Metadata-Version: 2.1
Name: parallel-conveyor
Version: 0.0.2
Summary: Simple, intuitive pipelining in Python
Home-page: https://github.com/DanielKrolopp/Conveyor
Author: Conveyor Team
License: UNKNOWN
Description: # Conveyor - simple, intuitive pipelining
        Conveyor is a multiprocessing framework to facilitate writing data pipelines and job systems in Python. The Conveyor provides five main features a developer can make use of: __processors, pipes, replicated forks, balanced forks__  and __joins__.
        
        ### Processors
        __Processors__ are the Conveyor's logical compute cores. Each processor will take in some data as input, transform that input and optionally return an output. Processors can maintain an internal state. Each of these processors is user-defined and wrapped in its own Python instance, allowing parallel execution of multiple processors at the same time. A user can specify sets of processors that should execute serially as joined by pipes or sets of processors that should act in parallel as defined by forks.
        
        ### Pipes
        __Pipes__ serve as links between processors. They act as a stream, transporting data from one point in the pipeline to another. Pipes are implemented as a producer-consumer buffer where a leading processor acts as the producer and a trailing processor acts as a consumer.
        
        ### Replicated Forks
        __Replicated Forks__ allow one processor to split output data into multiple copies so that multiple processors can then perform operations using the entire output data. This will allow multiple different ML models to be trained and tested in parallel. The input-output numbering of the many-to-one relationship of forks is primarily user defined.
        
        ### Balanced Forks
        __Balanced Forks__ allow one processor to balance a stream of data over multiple consumer processors. This will serve to minimize the effect of pipe stalling for larger data sets. The input-output numbering of the many-to-one relationship of forks is primarily determined by pipe stalling detected at runtime and the number of physical cores available.
        
        ### Joins
        __Joins__ allow multiple processors to combine their data streams into one logical pipe. The combined stream can then be forked again for the next step of the pipeline, processed by a single processor, or serve as output at the end of the pipeline.
        
        # Rules for constructing pipelines
        In order to allow developers to use the pipeline however they see fit, Conveyor attempts to be unopinionated, however there must be some rules to keep the pipelines from becoming nonsensical or a programming language of it's own. The pipeline should be kept simple and most of the program's logic should be done in the processor steps.

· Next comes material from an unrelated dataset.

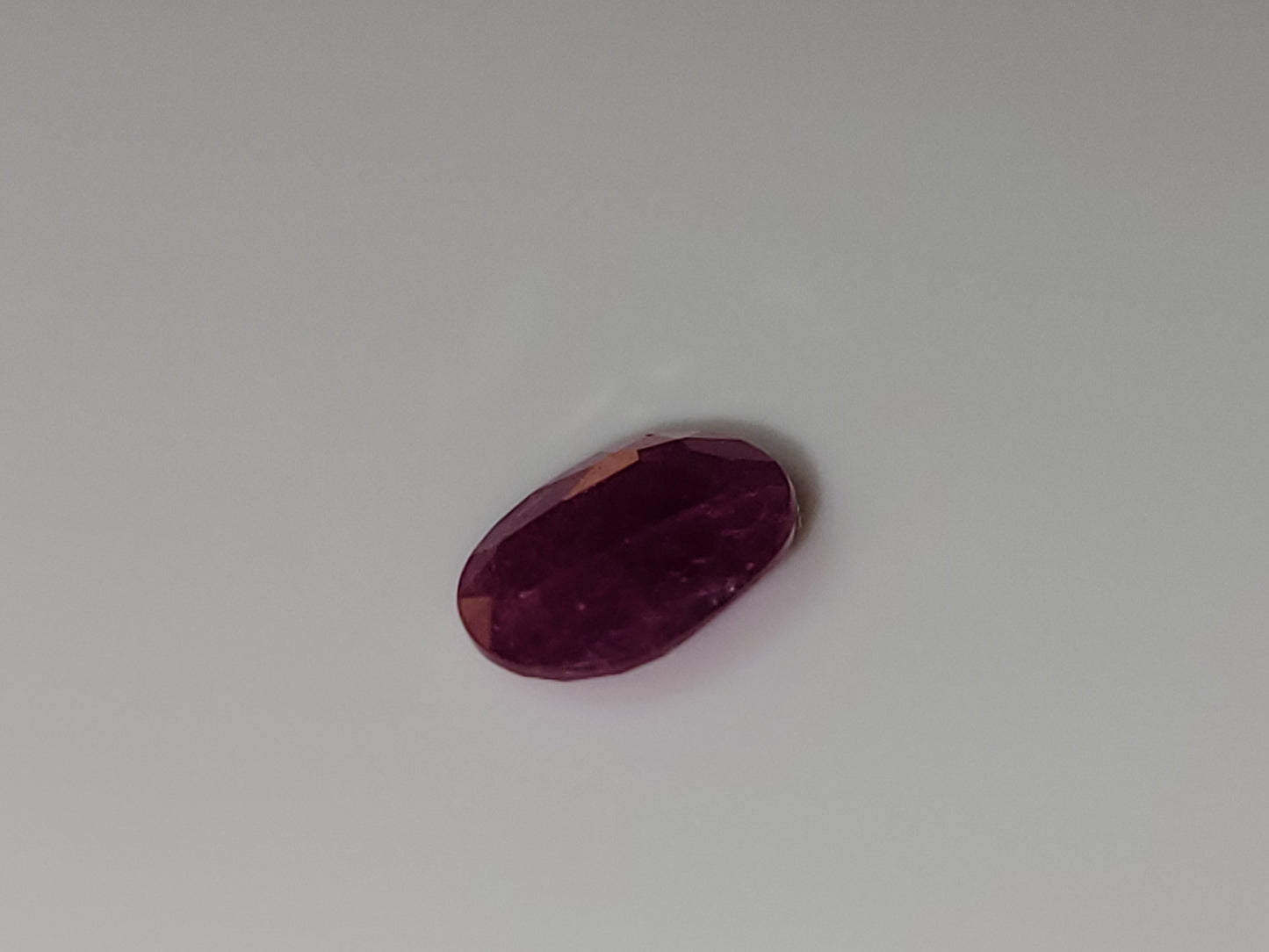 0.695 Ct. Oval-Cut Mozambique Ruby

        - All elements in the pipeline must be Conveyor Types
        - A Pipeline must start with a process
        - If not starting the pipeline, every Processor must be preceded by a Pipe, Fork, or Join
            - If a Pipe is not explicitly created, it will be automatically inserted, however a warning will be raised
        - Every Fork and Join must be preceded by a pipe
        
        # Testing
        To run the tests, ensure nose is installed and run nosetests from the project directory
        
        `pip3 install nose && nosetests`
        
        # Building from source
        To build the distribution archives, you will need the latest version of setuptools and wheel.
        
        `python3 -m pip install --user --upgrade setuptools wheel`
        
        Run `setup.py` to build using the following command:
        
        `python3 setup.py sdist bdist_wheel`
        
        The compiled `.whl` and `.tar.gz` files will be in the `/dist` directory.
        
Platform: UNKNOWN
Classifier: Programming Language :: Python :: 3
Classifier: Operating System :: OS Independent
Requires-Python: >=3.8
Description-Content-Type: text/markdown